═══ Dataset records ═══

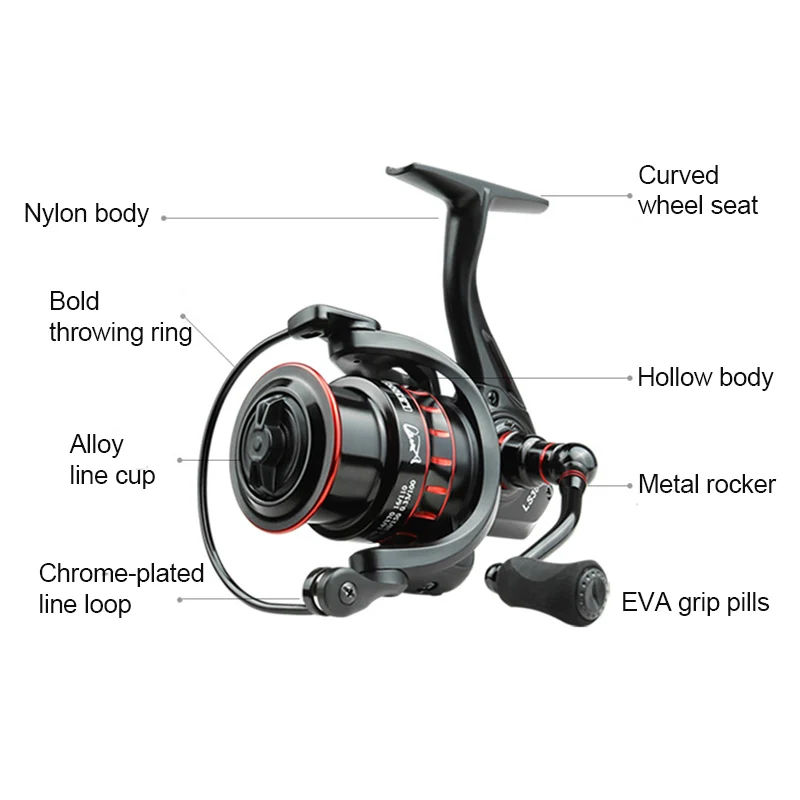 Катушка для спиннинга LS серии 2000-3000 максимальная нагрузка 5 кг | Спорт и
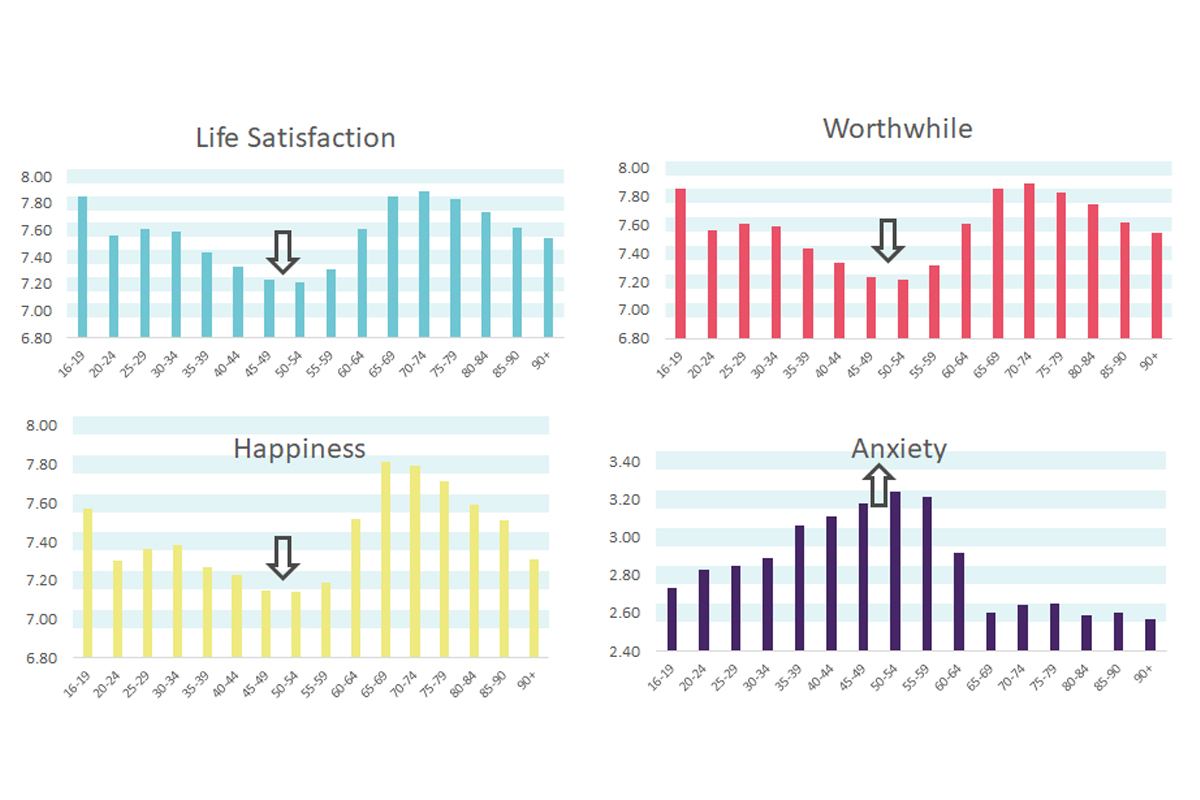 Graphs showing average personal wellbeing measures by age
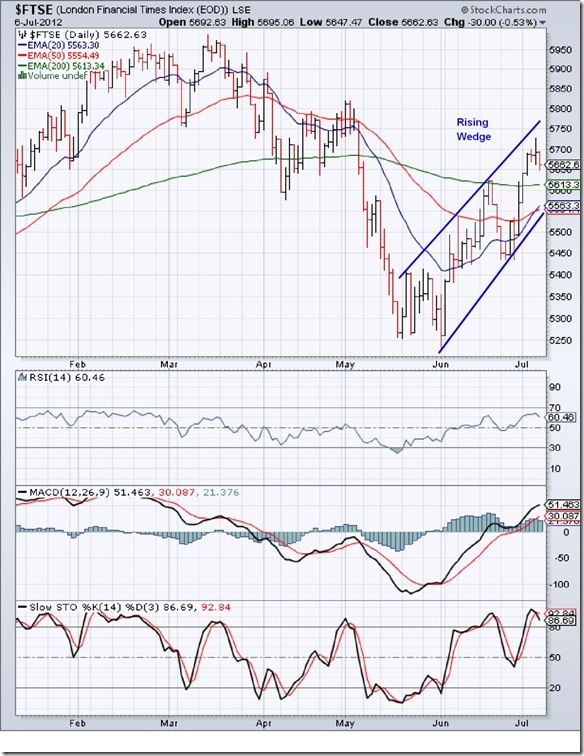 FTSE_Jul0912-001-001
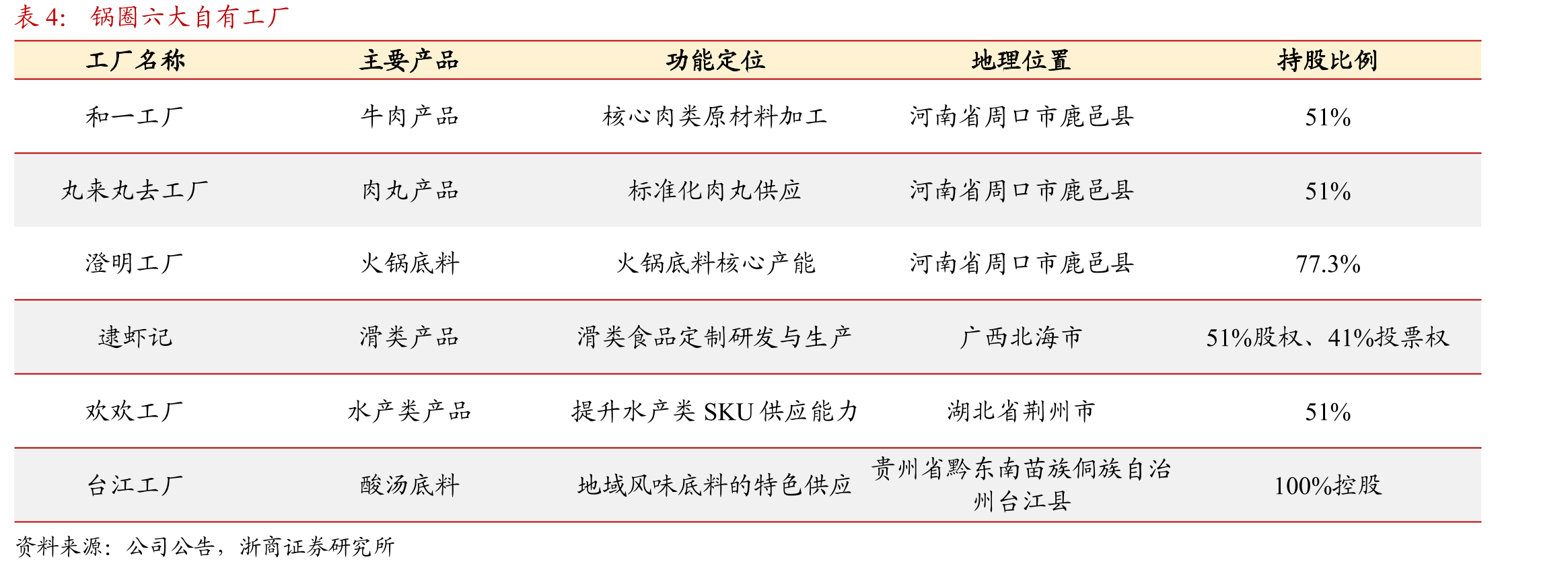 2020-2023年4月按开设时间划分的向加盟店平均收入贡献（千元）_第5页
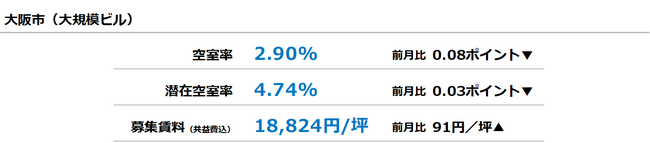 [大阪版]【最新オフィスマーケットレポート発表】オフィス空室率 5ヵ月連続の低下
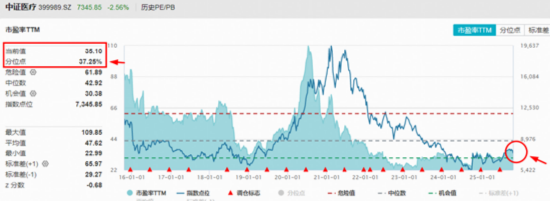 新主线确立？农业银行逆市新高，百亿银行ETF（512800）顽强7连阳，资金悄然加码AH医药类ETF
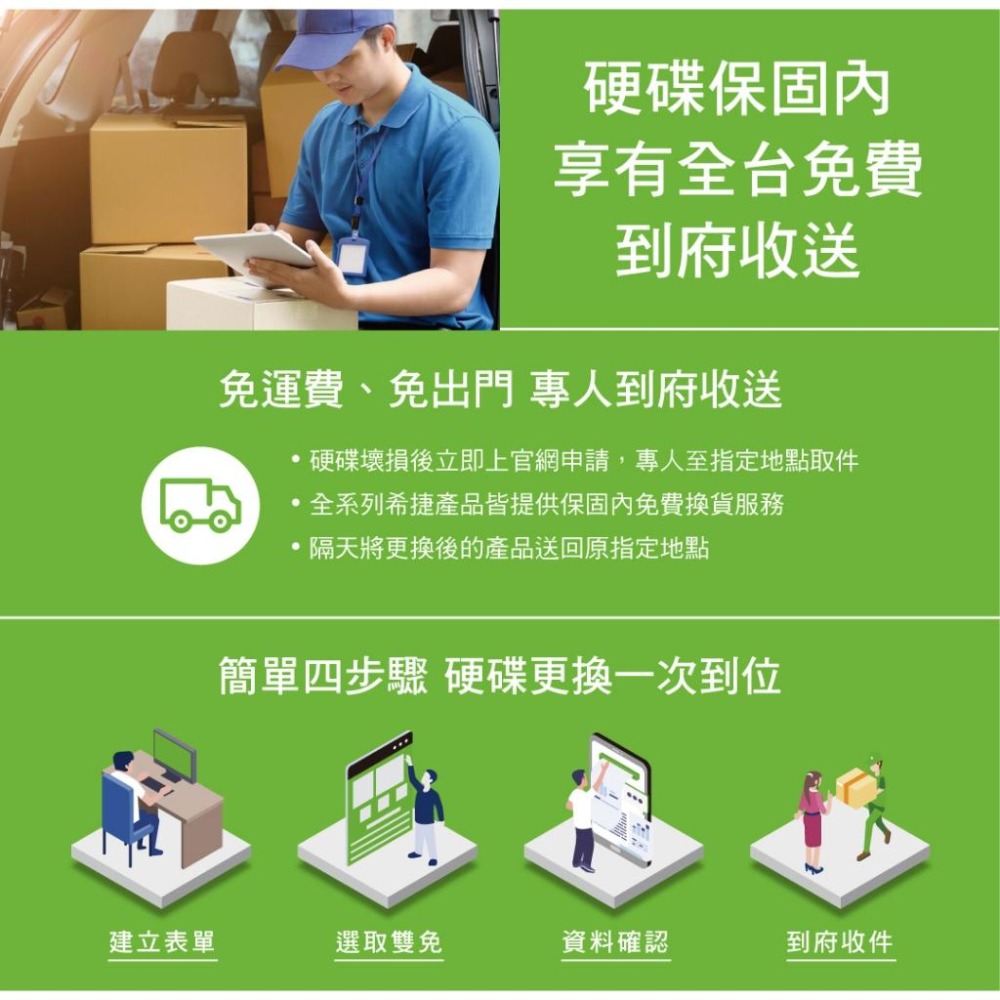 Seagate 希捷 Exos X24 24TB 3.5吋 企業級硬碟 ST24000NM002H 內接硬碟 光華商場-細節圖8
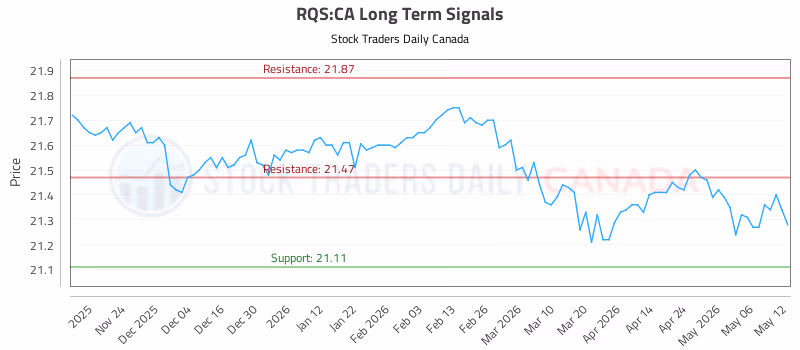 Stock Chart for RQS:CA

═══

__Exercise objective__
From the opening line of the entries above to the line that holds "[大阪版]【最新オフィスマー", inclusive, reproduce each line exactly and omit any picture.

__Response below__
 Катушка для спиннинга LS серии 2000-3000 максимальная нагрузка 5 кг | Спорт и
 Graphs showing average personal wellbeing measures by age
 FTSE_Jul0912-001-001
 2020-2023年4月按开设时间划分的向加盟店平均收入贡献（千元）_第5页
 [大阪版]【最新オフィスマーケットレポート発表】オフィス空室率 5ヵ月連続の低下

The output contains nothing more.